Forum Moderators: Robert Charlton & goodroi

Message Too Old, No Replies

Google Showing Outbound Re-Directed Pages In Results

         

c41lum

5:05 pm on Jul 19, 2010 (gmt 0)

10+ Year Member



Hi everyone,

I have noticed some strange things happening in Google recently which have alarmed me and I wanted to see if anybody else has had the same issue. And more importantly what the fix would be.

Google is showing our " out bound re-direct pages"in its results... These page have no content "just a title header and a script that redirects them out to a affiliate partner website that we write news about on a daily basis. Whats baffling me is these pages are blocked in our robots.txt file.

It looks like these pages are supplemental because there is no cached copy.
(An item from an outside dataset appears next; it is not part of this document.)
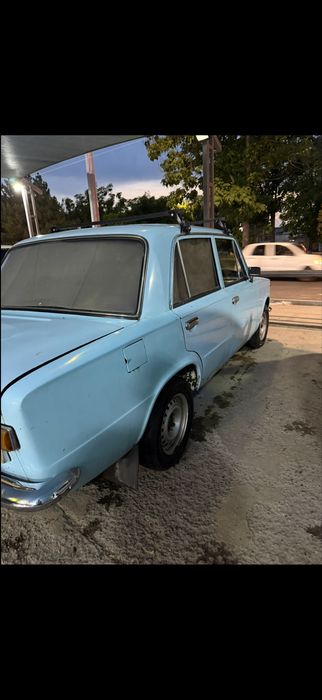 Ваз жигули 2101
I would also expect them to be supplemental because they offer no value to a user. What is worrying me is we have recently been hit pretty hard in the SERPS and wonder whether these supplemental pages could be the problem.

Our page works like this: there is a link that says 'More Info' that when clicked it goes to a page on the server called blue.asp?12342 the script then redirects the user to the desired affiliate partner. What Google is doing is listing the blue.asp? pages in its results. When I click the link in the results the page just linking straight to that affiliate.
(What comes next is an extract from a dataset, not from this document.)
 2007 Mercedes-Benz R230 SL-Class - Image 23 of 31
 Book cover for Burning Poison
When I do the "site:" command search Google shows 2194 results for these redirected pages. We have 72k pages indexed.

I'm I barking up the wrong tree or could these redirects be having a detrimental effect on our site quality and therefore our positions.

Fraggler

9:24 pm on Jul 19, 2010 (gmt 0)

10+ Year Member



Yep, I am experiencing the same thing but my links are being auto generated through a Wordpress plugin and the htaccess is pointing them to the right location. They are appearing with the site: command with the Title and description of the end page.
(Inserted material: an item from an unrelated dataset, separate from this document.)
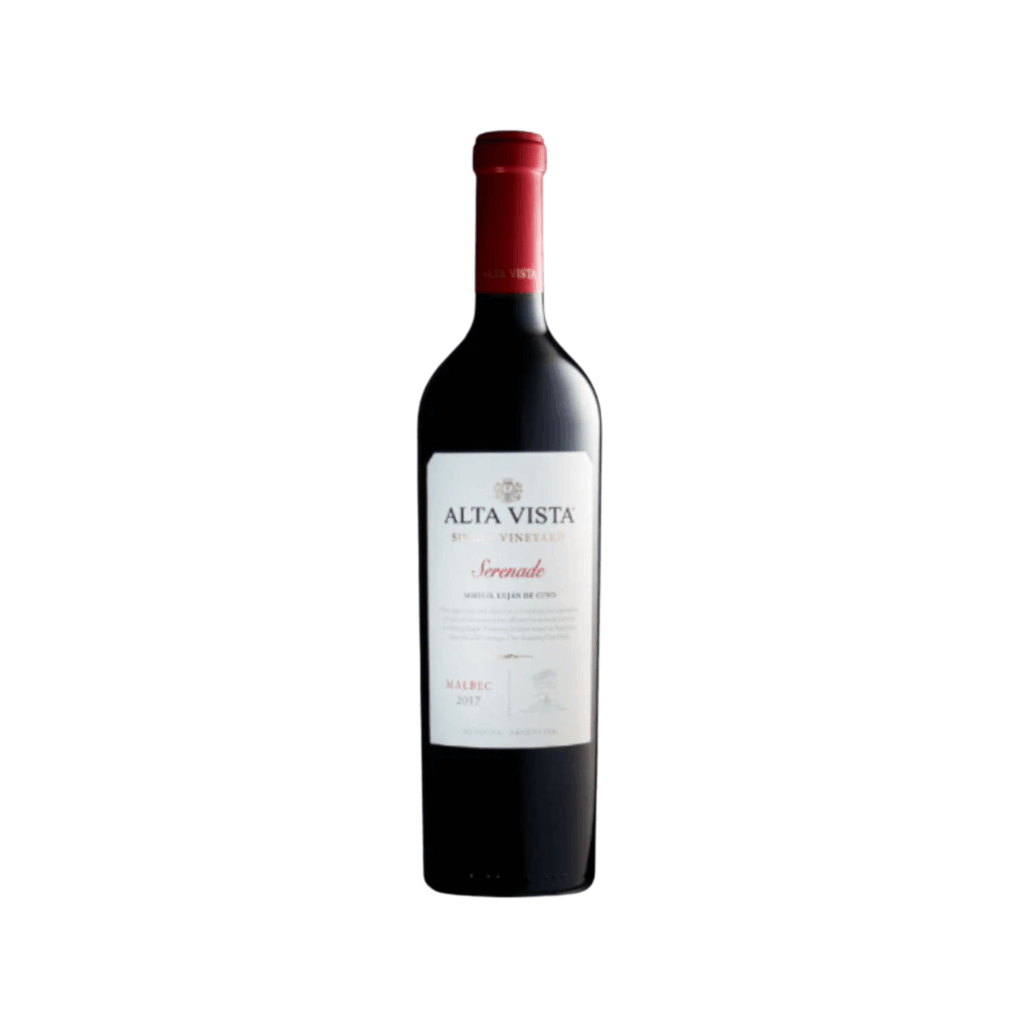 Vino Alta Vista Serenade Malbec 750 ml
This has been happening for a few weeks now but never investigated it any further.

tedster

9:33 pm on Jul 19, 2010 (gmt 0)

WebmasterWorld Senior Member 10+ Year Member



Are these pages returning a 301 status in the http header?

c41lum

9:50 pm on Jul 19, 2010 (gmt 0)

10+ Year Member



We are doing a 302 in the header.

aristotle

9:51 pm on Jul 19, 2010 (gmt 0)

WebmasterWorld Senior Member 10+ Year Member Top Contributors Of The Month



If you can put a noindex meta tag in the headers of these pages, that should prevent Google from indexing them.

tedster

10:00 pm on Jul 19, 2010 (gmt 0)

WebmasterWorld Senior Member 10+ Year Member



We are doing a 302 in the header.

And that is why the URL ranks.

c41lum

10:28 pm on Jul 19, 2010 (gmt 0)

10+ Year Member



Hi guys thanks for the help.

Do you think its the 302 that's getting these pages ranked? I thought the 302 told G that this page had moved temporarily. I never thought they would rank the redirect page.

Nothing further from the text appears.